● Problem to work on
The required answer is the data below, restated word for word with images omitted.
------ The data ------
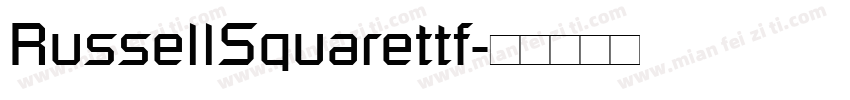 RussellSquarettf字体转换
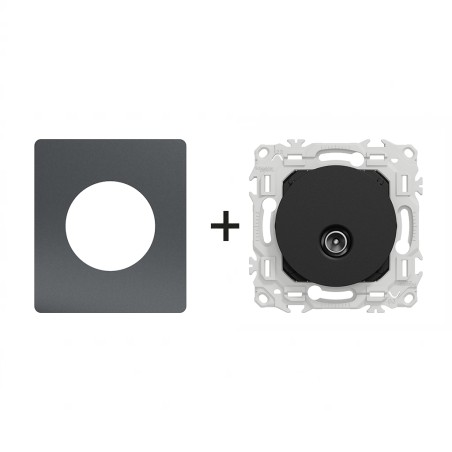 Odace Double inter/BP Architecte Perle Noire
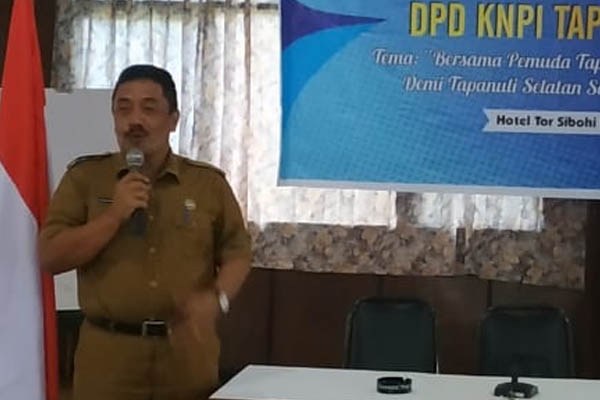 Bupati Tapsel Buka Rakerda KNPI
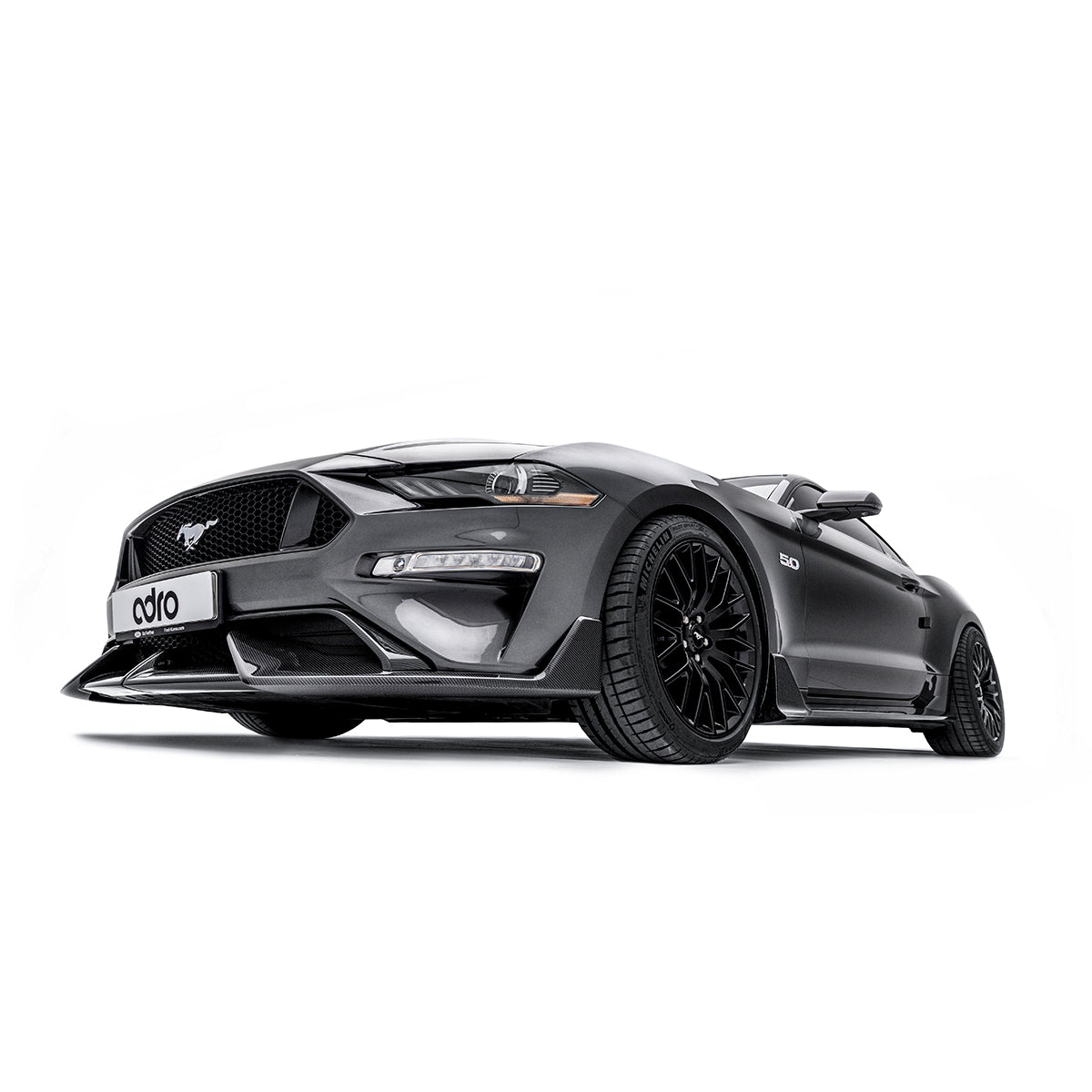 FORD MUSTANG CARBON FIBER UPPER + LOWER LIP SET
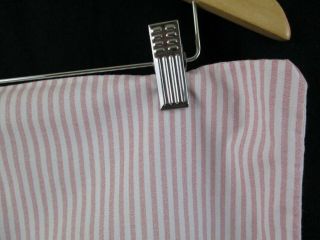 Wamsutta Twin Flat Fitted Sheet Pink White Stripe W/ Standard Pillowcase Vtg USA 2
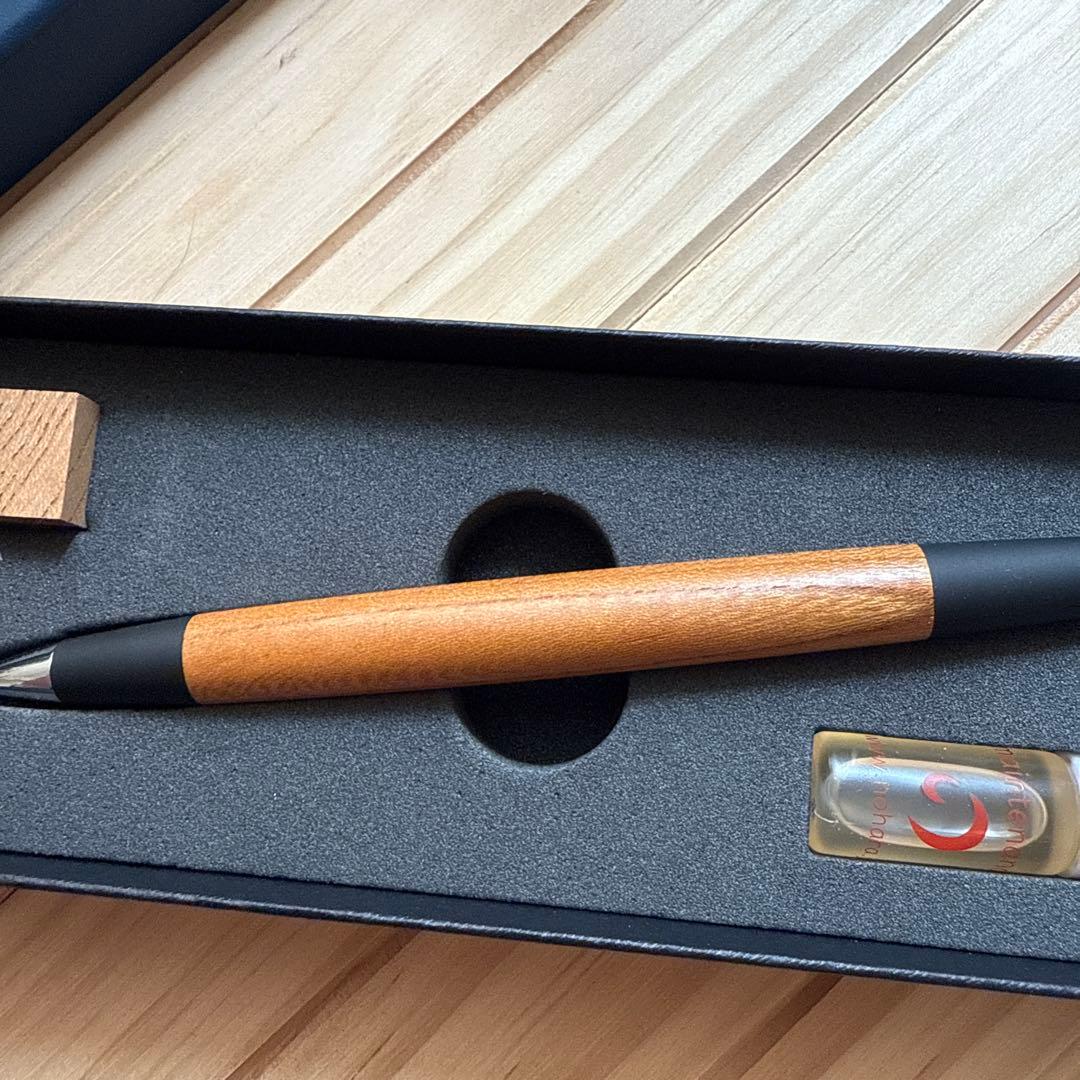 野原工芸　けやき　欅　シャーペン　新型クリップ　シルバー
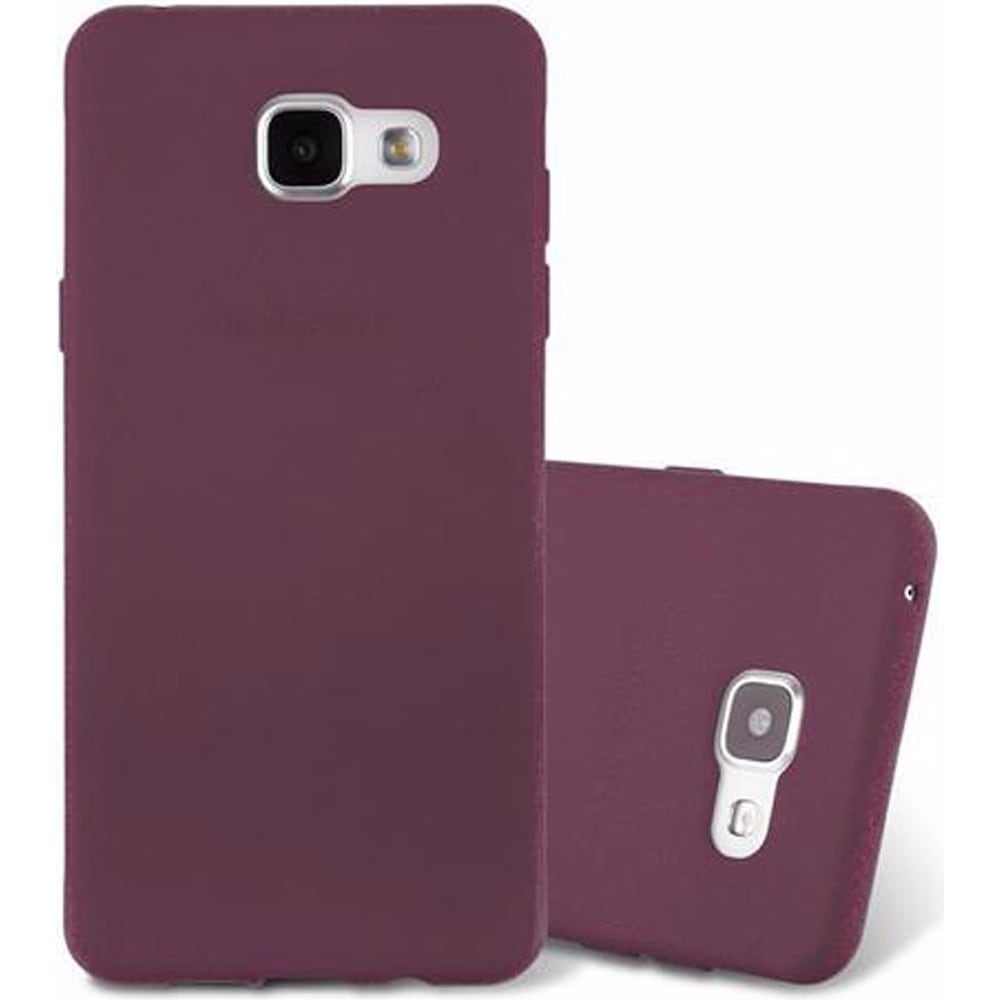 Cadorabo TPU Frosted Cover (Samsung Galaxy A3 (2016)), Smartphone Hülle, Violett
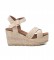 Refresh Sandals Rafia 072728 -Platform Height: 9cm- beige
------
● Completed task
 RussellSquarettf字体转换
 Odace Double inter/BP Architecte Perle Noire
 Bupati Tapsel Buka Rakerda KNPI
 FORD MUSTANG CARBON FIBER UPPER + LOWER LIP SET
 Wamsutta Twin Flat Fitted Sheet Pink White Stripe W/ Standard Pillowcase Vtg USA 2
 野原工芸　けやき　欅　シャーペン　新型クリップ　シルバー
 Cadorabo TPU Frosted Cover (Samsung Galaxy A3 (2016)), Smartphone Hülle, Violett
 Refresh Sandals Rafia 072728 -Platform Height: 9cm- beige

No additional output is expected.